KxSystems/kafka/test_producer.q

Minimal consumer example

\l kfk.q
// create consumer process within group 0
client:.kfk.Consumer[`metadata.broker.list`group.id!`localhost:9092`0];
data:();
// setup meaningful consumer callback(do nothing by default)
.kfk.consumecb:{[msg]
    msg[`data]:"c"$msg[`data];
    msg[`rcvtime]:.z.p;
    data,::enlist msg;}
// subscribe to the "test" topic with default partitioning
.kfk.Sub[client;`test;enlist .kfk.PARTITION_UA];

KxSystems/kafka/test_consumer.q for a slightly more elaborate version

Configuration

The library supports and uses all configuration options exposed by librdkafka, except callback functions, which are identical to Kafka options by design of librdkafka.

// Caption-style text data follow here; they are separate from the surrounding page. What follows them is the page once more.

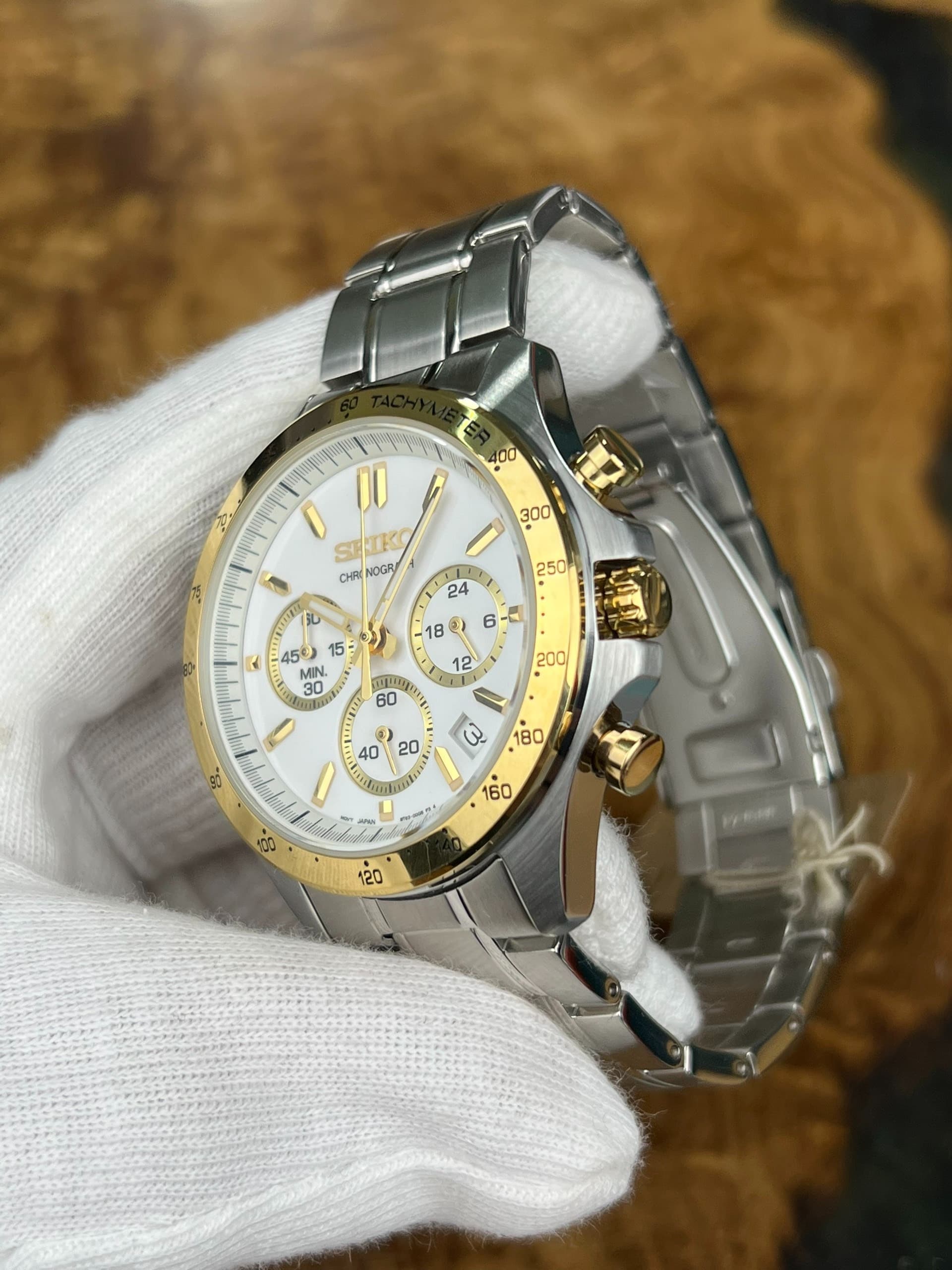 Seiko Spirit Chronograph 40mm White Dial with Gold Accents & Steel Bracelet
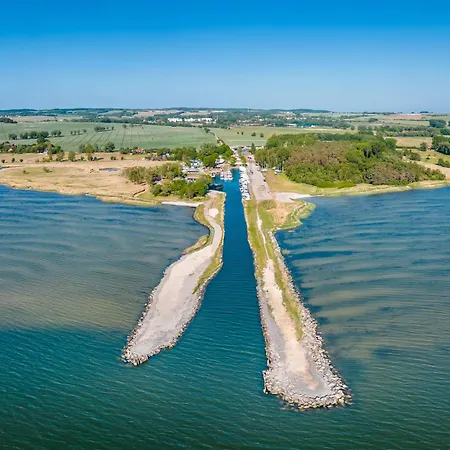 Waterfront Apartmán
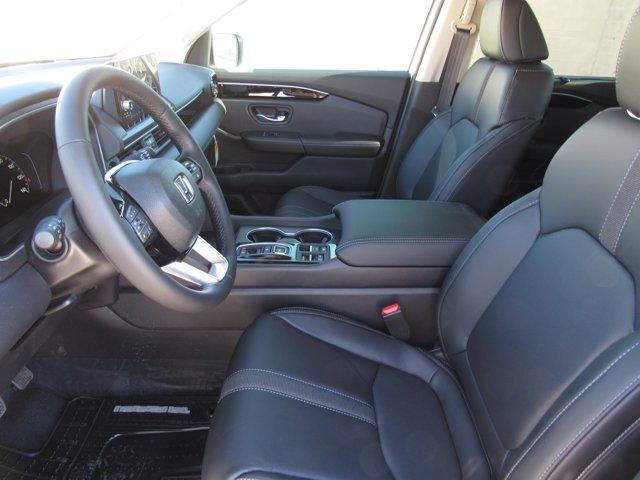 new 2025 Honda Pilot car, priced at $53,705
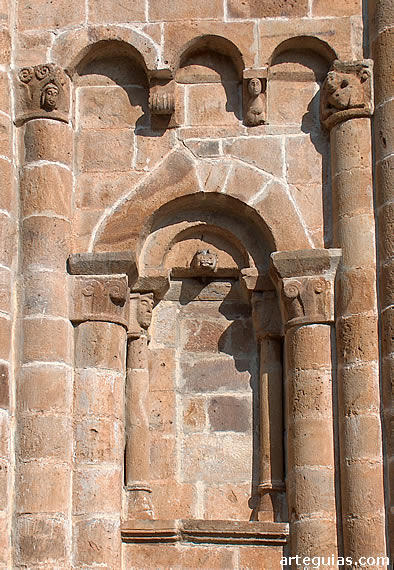 Columnas y arquillos permiten innumerables soportes para escultura figurada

edenhill/librdkafka/CONFIGURATION.md for a list of options

Testing

Use can use either existing Kafka broker or start a test Kafka broker as described below.

Setting up a test Kafka instance

Apache Kafka tutorial

Download and unzip Kafka.

$ cd $HOME
$ wget http://www-us.apache.org/dist/kafka/0.10.2.0/kafka_2.11-0.10.2.0.tgz
$ tar xzvf kafka_2.11-0.10.2.0.tgz
$ cd $HOME/kafka_2.11-0.10.2.0

Start zookeeper.

$ bin/zookeeper-server-start.sh config/zookeeper.properties

Start Kafka broker

$ bin/kafka-server-start.sh config/server.properties

Running examples

Start producer.

q)\l test_producer.q
q)\t 1000

Start consumer.

q)\l test_consumer.q

The messages will now flow from producer to consumer and the publishing rate can be adjusted via \t x in the producer process.

Performance and tuning

edenhill/librdkafka/wiki/How-to-decrease-message-latency

There are numerous configuration options and it is best to find settings that suit your needs and setup. See Configuration above.